On December 19 Twitch affiliate Grenade Girl was streaming her gameplay in the first-person shooter ‘Halo Infinite.’ In one of the matches, in which she was apparently underperforming, a couple of players in the voice chat made their frustration known and told her to “Just f*****g leave” and “Go play Fortnite or whatever the f***, show your tits on f*****g Twitch, whatever.” Ending with “You notice how Master Chief was never a woman?”

Grenade Girl later clipped the exchange and posted it on Twitter, commenting that “no woman should have to deal with this.”

While many users responded to the tweet by saying the streamer should grow thicker skin if she wanted to survive in the anonymous world of online games, others suggested she should simply learn how to mute the voice chat, which is a feature present in almost all online games.

Grenade Girl made a follow-up post saying she wasn’t ‘butt hurt,’ but that she was frustrated that she was targeted because of her gender.

However, shortly after her initial post other users started pointing out an apparent hypocrisy, as people started posting clips from her other streams where she similarly trash-talked fellow players based on their gender.

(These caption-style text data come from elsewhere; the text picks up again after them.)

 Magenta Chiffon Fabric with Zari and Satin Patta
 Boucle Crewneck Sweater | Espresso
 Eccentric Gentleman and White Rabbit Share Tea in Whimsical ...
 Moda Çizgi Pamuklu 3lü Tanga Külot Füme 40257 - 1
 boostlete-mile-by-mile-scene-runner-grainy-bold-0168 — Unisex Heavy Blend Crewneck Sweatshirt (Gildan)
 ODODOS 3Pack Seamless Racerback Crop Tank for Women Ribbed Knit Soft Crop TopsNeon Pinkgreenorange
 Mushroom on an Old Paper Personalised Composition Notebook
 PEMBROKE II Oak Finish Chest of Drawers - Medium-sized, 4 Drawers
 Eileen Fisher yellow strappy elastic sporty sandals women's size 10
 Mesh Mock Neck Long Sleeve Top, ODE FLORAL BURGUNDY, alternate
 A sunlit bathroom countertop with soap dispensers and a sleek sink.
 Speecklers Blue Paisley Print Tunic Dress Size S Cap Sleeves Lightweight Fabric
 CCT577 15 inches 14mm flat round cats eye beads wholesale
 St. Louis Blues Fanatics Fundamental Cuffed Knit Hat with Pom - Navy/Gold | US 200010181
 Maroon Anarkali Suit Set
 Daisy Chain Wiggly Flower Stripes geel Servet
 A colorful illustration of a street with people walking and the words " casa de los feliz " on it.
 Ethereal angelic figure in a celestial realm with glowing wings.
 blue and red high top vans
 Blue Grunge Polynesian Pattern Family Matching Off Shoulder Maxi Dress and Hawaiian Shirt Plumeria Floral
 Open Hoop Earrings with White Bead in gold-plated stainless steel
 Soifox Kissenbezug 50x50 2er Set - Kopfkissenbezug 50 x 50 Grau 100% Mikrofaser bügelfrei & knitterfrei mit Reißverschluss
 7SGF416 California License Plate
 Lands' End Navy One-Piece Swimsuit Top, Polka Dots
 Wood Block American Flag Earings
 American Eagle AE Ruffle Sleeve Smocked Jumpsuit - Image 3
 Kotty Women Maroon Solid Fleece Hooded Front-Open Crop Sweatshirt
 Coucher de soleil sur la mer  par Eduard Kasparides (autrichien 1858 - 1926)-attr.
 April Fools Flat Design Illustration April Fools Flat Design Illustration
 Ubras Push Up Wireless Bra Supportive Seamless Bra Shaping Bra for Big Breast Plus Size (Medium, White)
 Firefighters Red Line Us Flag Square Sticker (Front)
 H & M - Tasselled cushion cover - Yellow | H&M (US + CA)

“You look like an idiot, dude,” she told a player during her stream. “I’m laughing at you, because your d**k is so f*****g small. And you’re probably still a virgin.”

Ignoring the two-sided nature of the trash talk and focusing on the misogynistic aspect of the insults, co-creator of the Xbox Jonathan ‘Seamus’ Blackley joined the conversation, writing on his personal Twitter account that “this wasn’t the future of xbox live we envisioned." 

He went on to say that it was past time that something was done to ‘clean up the environments’ in online games. Blackley then went into a back-and-forth with ‘Polygon’ co-founder Russ Pitts about what measures could be taken to combat online toxicity. 

They arrived at the conclusion that men should be encouraged to report misogyny and that women, people of color and minorities should be empowered and promoted to positions of authority in moderation across platforms to further enable self-policing in online games.